After a sharp and painful downturn, oil prices spent the vast majority of 2017 above $50 per barrel. And over the past six months, prices have steadily increased, to the point where Brent crude is getting close to $70. That's a level we haven't seen since 2014. And while there's some risk -- and even some expectation -- that higher production in 2018 will bring prices back down, oil companies are able to make money at far lower prices than they could even two or three years ago.
Even better for investors, the market still hasn't come back for a lot of solid oil stocks. Our contributing investors particularly like Transocean LTD (RIG -1.43%), Hess Corp. (HES 0.84%), and Royal Dutch Shell plc (ADR) (RDS.A) (RDS.B), and think they're worthy investments to start 2018.

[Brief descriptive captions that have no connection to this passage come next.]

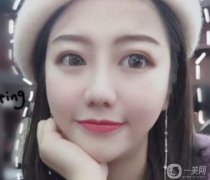 手術(shù)前鼻子不高，總覺得鼻子不好看
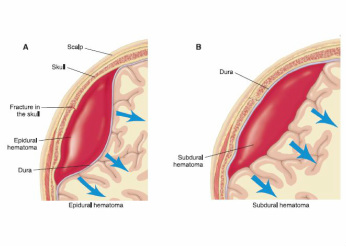 pathology of epidural hematoma 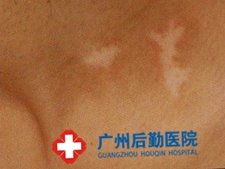广州市哪家医院治疗白癜风效果好 广州市哪家医院治疗白癜风效果好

A best-in-class operator trading at fire-sale prices
Jason Hall (Transocean): Since 2014, spending on offshore oil and gas investments has fallen every year. Essentially, every drilling contractor has been forced to scrap and idle vessels to cut costs, and competition for the trickle of new contracts awarded has been fierce, driving dayrates down substantially. This put several big drillers out of business, several more in bankruptcy even now, and saw a significant amount of consolidation, as companies went into survival mode.
This destroyed billions of dollars in wealth, but has also created wonderful opportunities. Right now, Transocean strikes me as an excellent risk-reward investment. Since the oil-price peak in 2014, Transocean has cut its debt and liabilities more than 30%, cut expenses, cleaned up its fleet, and maintained a strong cash hoard to support any cash-flow shortfalls.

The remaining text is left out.